All the males are killed and the females are kept for their eggs. For each female caught you are given a side of smoked salmon.
The reason for this is that all the fish in the river are hatchery fish and apparently because of volcanic activity several years ago there are no real spawning grounds for salmon.
My wife thought it was great that I came home from a fishing trip with some fish.
I am normally an exponent of catch and release but I do not have qualms about taking fish on occasions.
|04-02-2007 10:37 AM|
(See my post below on the San Juan.) That's a river that would hugely benefit from some catch and keep fishing, and is a prime example of C&R taken to a surreal farce.
I am now convinced that acces control, and not mandatory C&R, is the best way to get and peserve a quality flyfishng experience.
|04-01-2007 09:33 PM|
|jero||thanks, very interesting info. I forgot to say that the trout I was speaking of were rainbow.|
|03-31-2007 11:06 PM|
I think a lot depends on the trout species and the conditions in which they live. In the Sierras, there are many cirque lakes that were stocked decades ago with Eastern Brook trout.
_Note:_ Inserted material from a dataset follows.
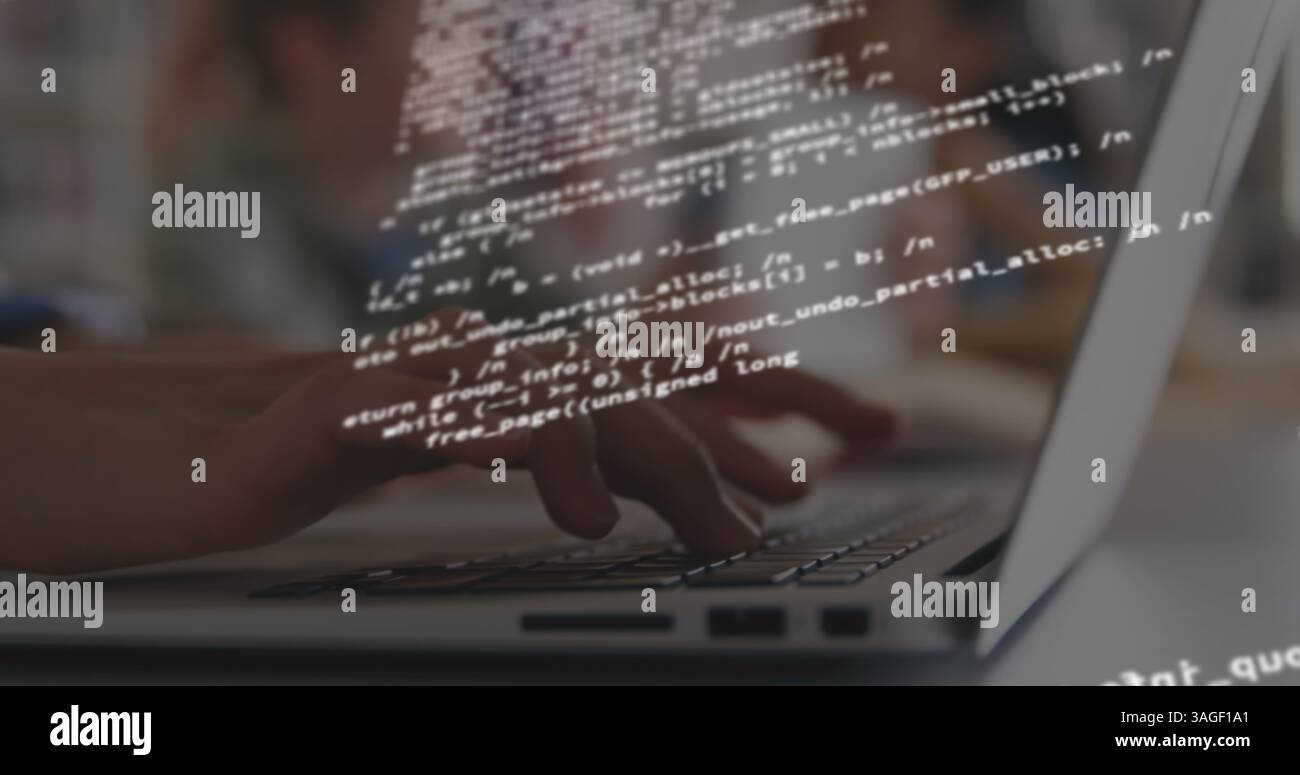 Image composite numérique de traitement de données contre une personne utilisant un ordinateur portable Banque D'Images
In most cases, especially at high elevations, the fish in the lakes are starved, stunted, and overcrowded. More catch and kill fishing on these lakes would probably result in better conditioned and better fed survivors.
Again, at high elevations, there are similar cirque lakes with healthy specimens of Golden trout, and catch and release of these beauties is most likely called for.
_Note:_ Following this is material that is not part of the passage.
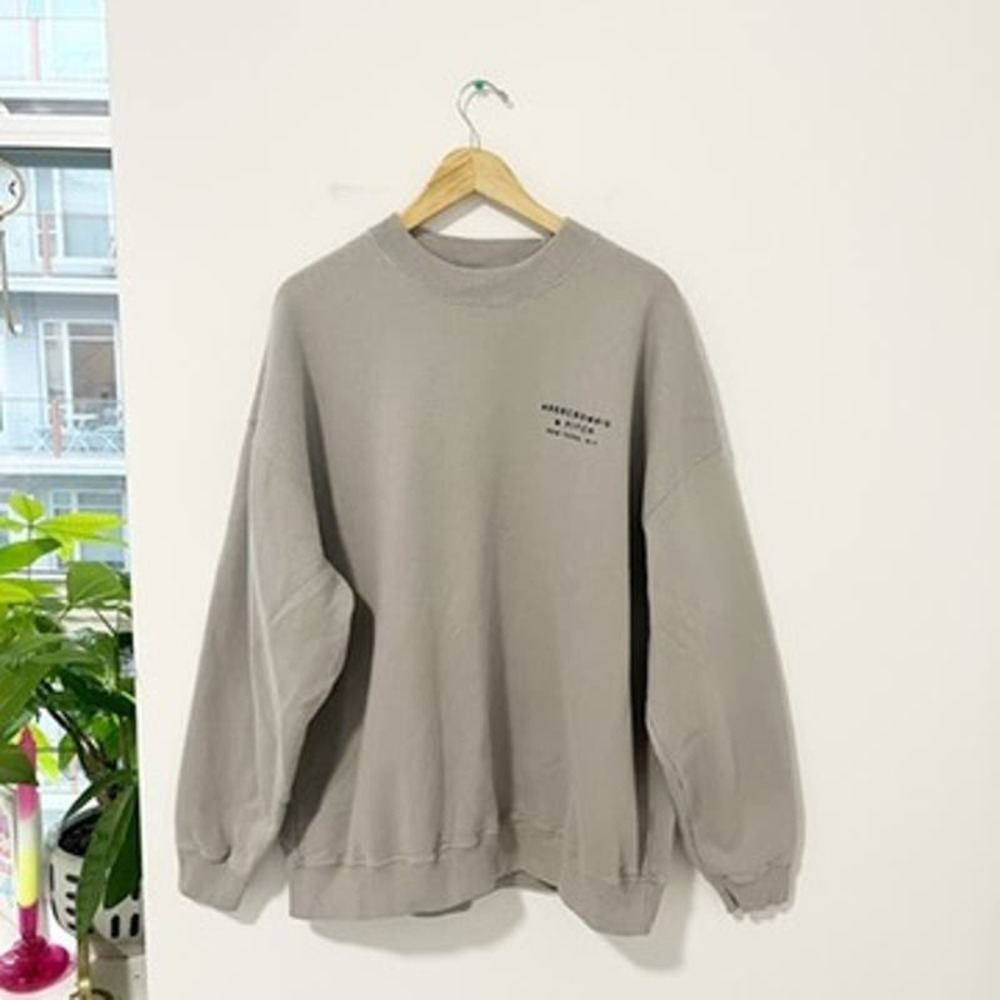 Abercrombie & Fitch Light Gray Crewneck Sweatshirt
Rainbows in the cirque lakes also seem to do better than the Brookies, maybe because of cannibalism. Taking a couple for dinner in most circumstances would do little harm.
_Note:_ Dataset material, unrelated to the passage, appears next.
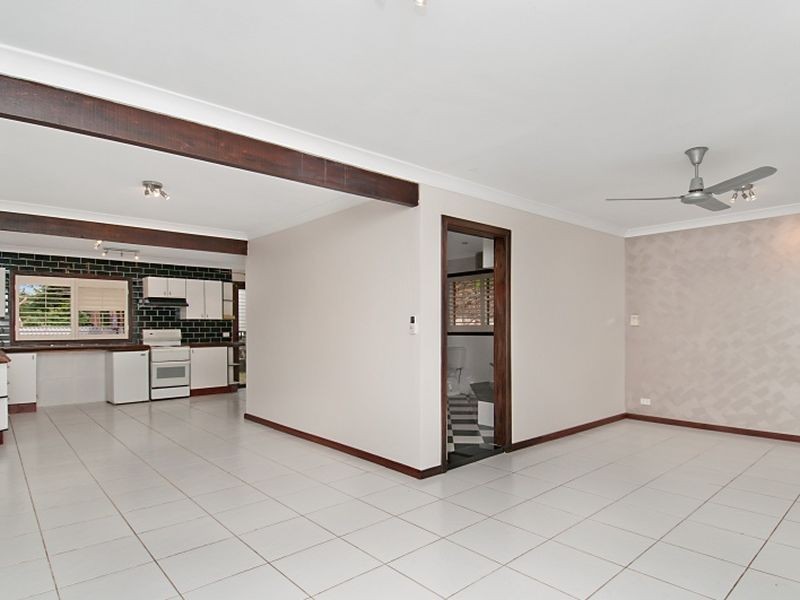16 Carolina Park Road, Avoca Beach NSW 2251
Cutthroats also seem prone to over-crowding and stunting, although they are such willing biters that it's easy to fish out an entire population (witness the wonderful cutthroat C&R fishery on the Middle Fork of the Salmon -- before C&R came into effect, cutthroat fishing on the Middle Fork was generally lousy).
From these few examples, I'm trying to argue that species, species origin, and local conditions probably determine the benefits of C&R over catch and kill.
|03-30-2007 01:40 PM|
catch and release vs. controlled fishing?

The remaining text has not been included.